Work instructions -
Print every line of the data word for word.

(Records excerpted from a collection)
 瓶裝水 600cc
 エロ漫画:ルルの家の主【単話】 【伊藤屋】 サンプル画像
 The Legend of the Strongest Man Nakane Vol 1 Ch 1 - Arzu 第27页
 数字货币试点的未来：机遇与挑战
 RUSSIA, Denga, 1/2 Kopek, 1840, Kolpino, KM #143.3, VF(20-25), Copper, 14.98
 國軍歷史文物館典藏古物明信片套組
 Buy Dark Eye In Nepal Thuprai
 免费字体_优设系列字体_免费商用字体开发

Result of this exercise -
 瓶裝水 600cc
 エロ漫画:ルルの家の主【単話】 【伊藤屋】 サンプル画像
 The Legend of the Strongest Man Nakane Vol 1 Ch 1 - Arzu 第27页
 数字货币试点的未来：机遇与挑战
 RUSSIA, Denga, 1/2 Kopek, 1840, Kolpino, KM #143.3, VF(20-25), Copper, 14.98
 國軍歷史文物館典藏古物明信片套組
 Buy Dark Eye In Nepal Thuprai
 免费字体_优设系列字体_免费商用字体开发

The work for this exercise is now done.